C’è una pasticceria a Taormina, in provincia di Messina, in cui è possibile ordinare “mafiosi al pistacchio” o “cosa nostra alle mandorle”: si tratta per lo più di dolci tipici siciliani i cui nomi appaiono pensati per attirare i turisti, e che hanno destato lo sdegno di molti, a partire da alcuni studenti palermitani in visita, per proseguire con Coldiretti e con il sindaco della Perla dello Ionio Mario Bolognari.

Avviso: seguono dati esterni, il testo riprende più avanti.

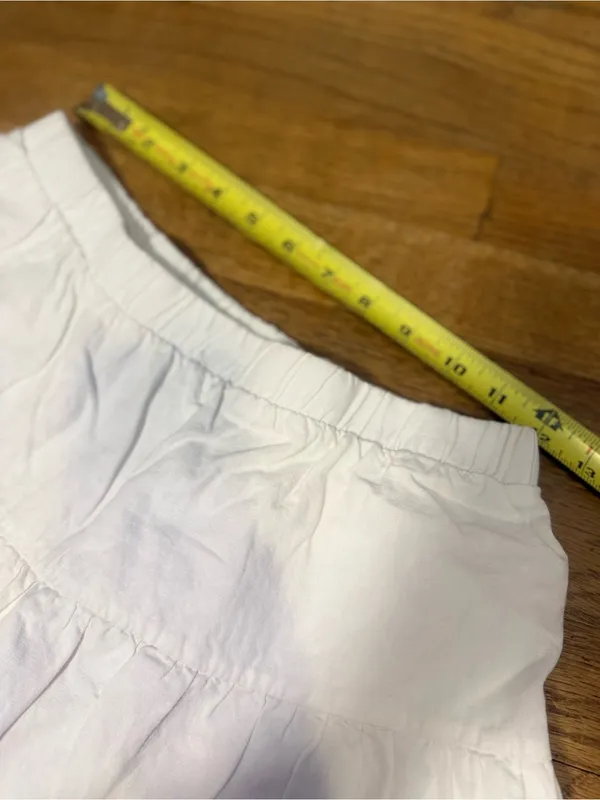 Bershka White Ruffled Mini Skirt Size Medium - Image 6
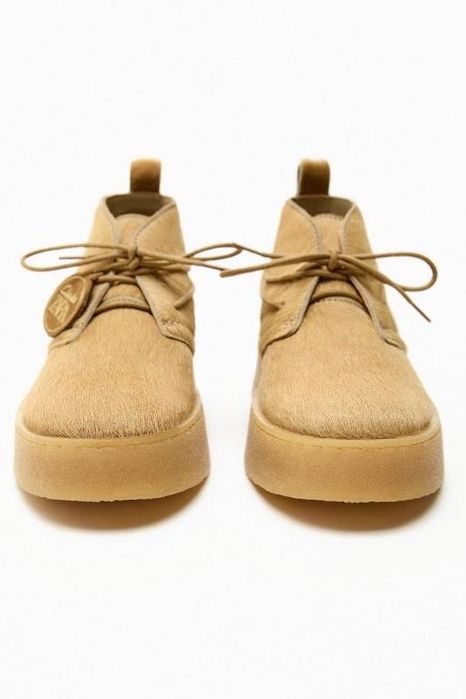 Шкіряні черевики clarks x zara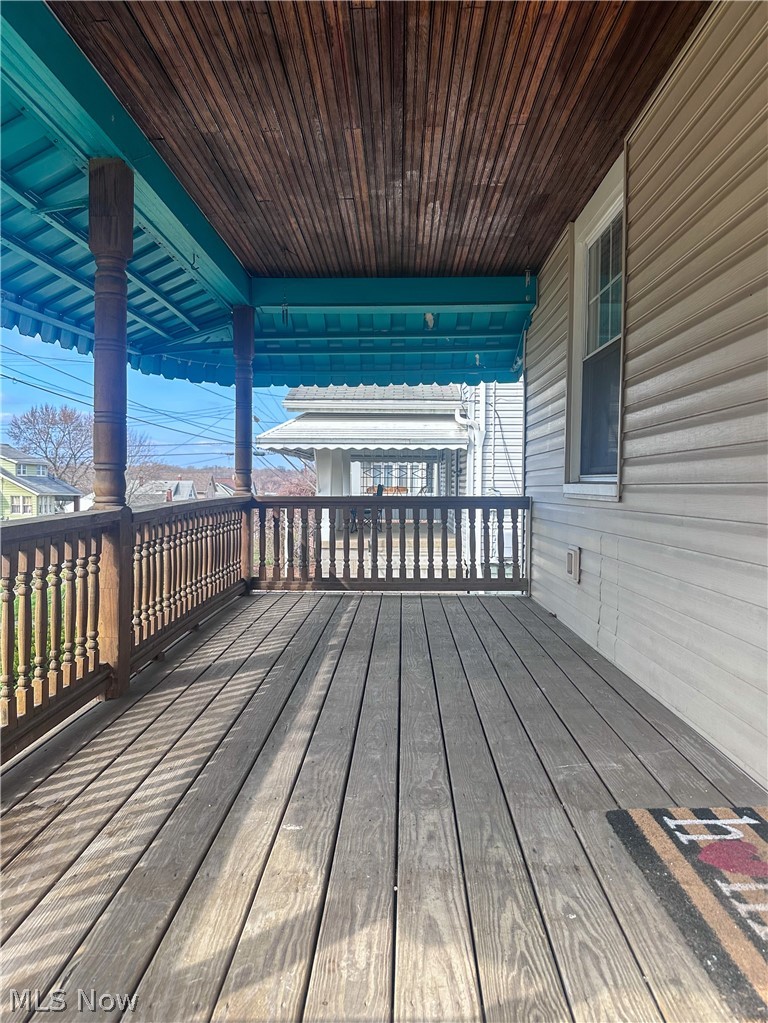 Townsend Villa - Residential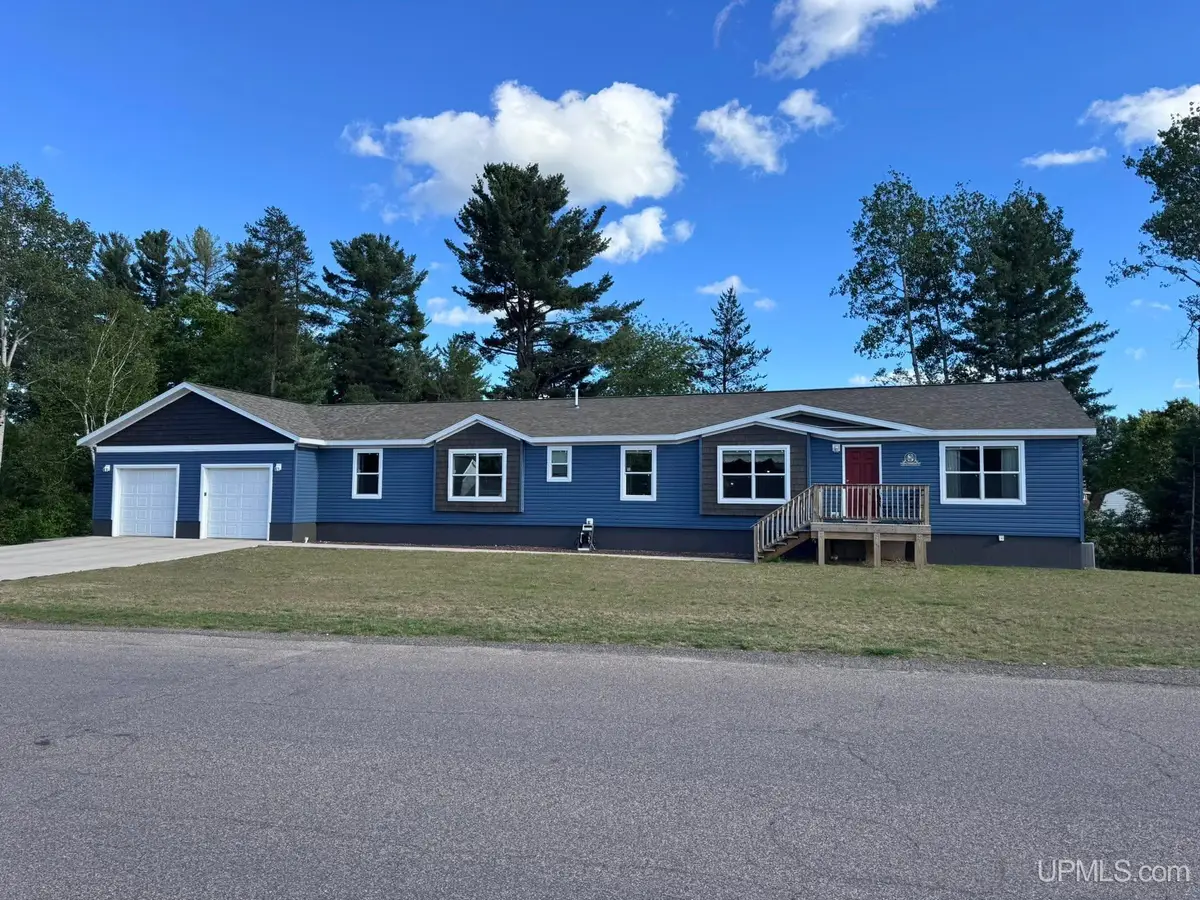 1685 Ellsworth, Ishpeming, MI 49849 - #1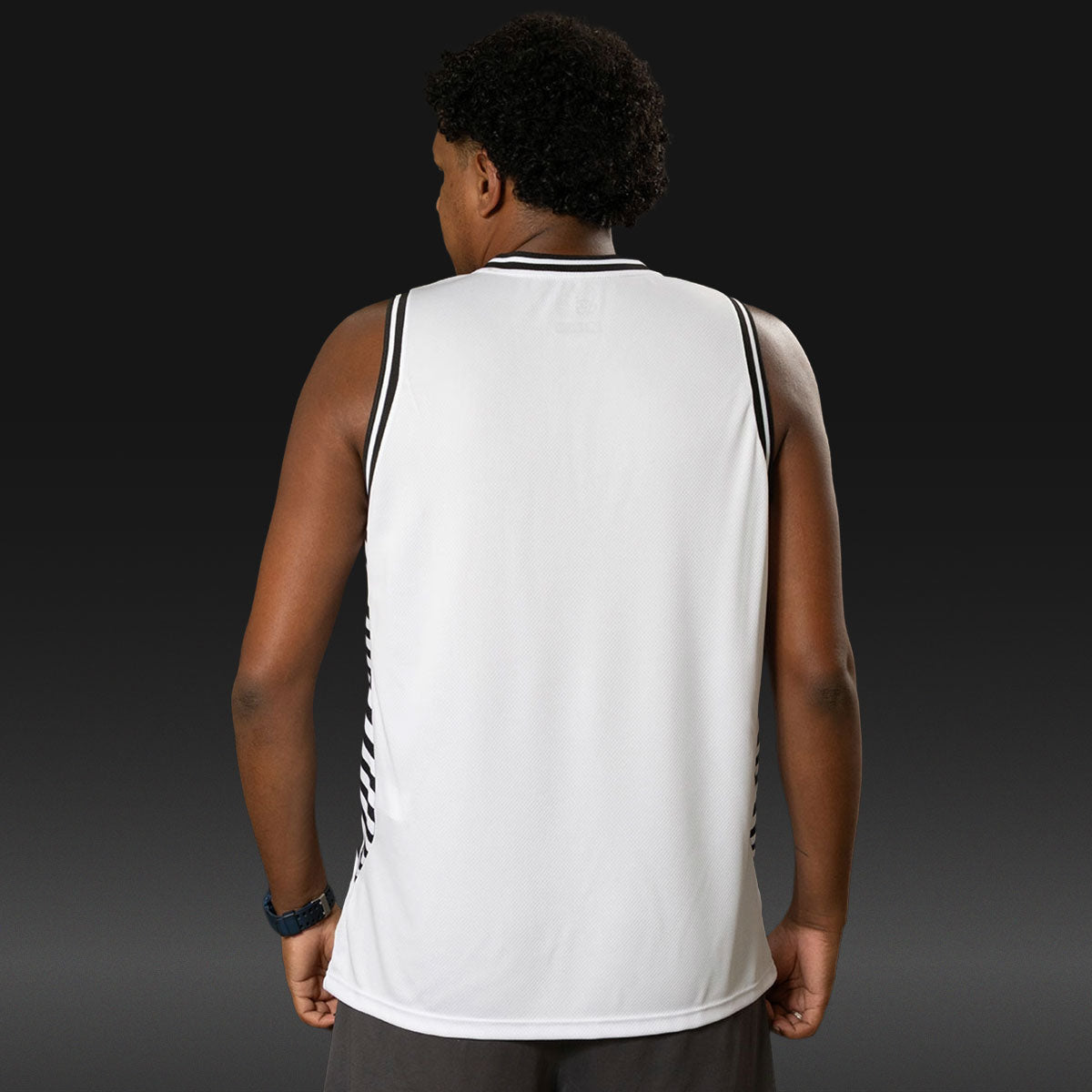 https://images.tcdn.com.br/img/img_prod/1006590/regata_vasco_resistiremos_masculina_branca_4_20260522105615_fec01dff2e51.jpg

La denuncia è arrivata ieri sulle pagine (tra le altre) dell’edizione di Palermo del quotidiano nazionale “La Repubblica” attraverso le quali il sindaco Mario Bolognari ha espresso il proprio rammarico di fronte alla segnalazione indignata di un gruppo di studenti palermitani, e ha annunciato che chiederà al titolare della pasticceria “Roberto, il Mago dei Cannoli” di cambiare il nome dei dolci. L’assessore al Commercio di Taormina, nel frattempo, è stato incaricato di procedere ai passaggi necessari per evitare che episodi come questo si ripetano.
Immediata la risposta proprietario del locale che ha sottolineato, di contro, come i nomi dei dolci non siamo stati pensati per inneggiare alla mafia, e ha poi puntato il dito contro altri esercenti che utilizzano la stessa strategia per attrarre i turisti. Ma a mostrare preoccupazione per la tendenza sempre più diffusa ad utilizzare il “mafia style” per vendere prodotti di diversa natura, dall’agroalimentare al vestiario, è stata anche Coldiretti che, andando al di là del caso specifico, ha sottolineato come questo sia «solo l’ultimo esempio di marketing legati alla mafia in tutto il mondo e sul web».
«Lo sfruttamento di nomi che richiamano la mafia è un business che provoca un pesante danno di immagine al Made in Italy – afferma Ettore Prandini Presidente della Coldiretti dalle pagine dell’Ansa – sfruttando gli stereotipi legati alle organizzazioni mafiose, banalizzando fin quasi a normalizzarlo, un fenomeno che ha portato dolore e lutti».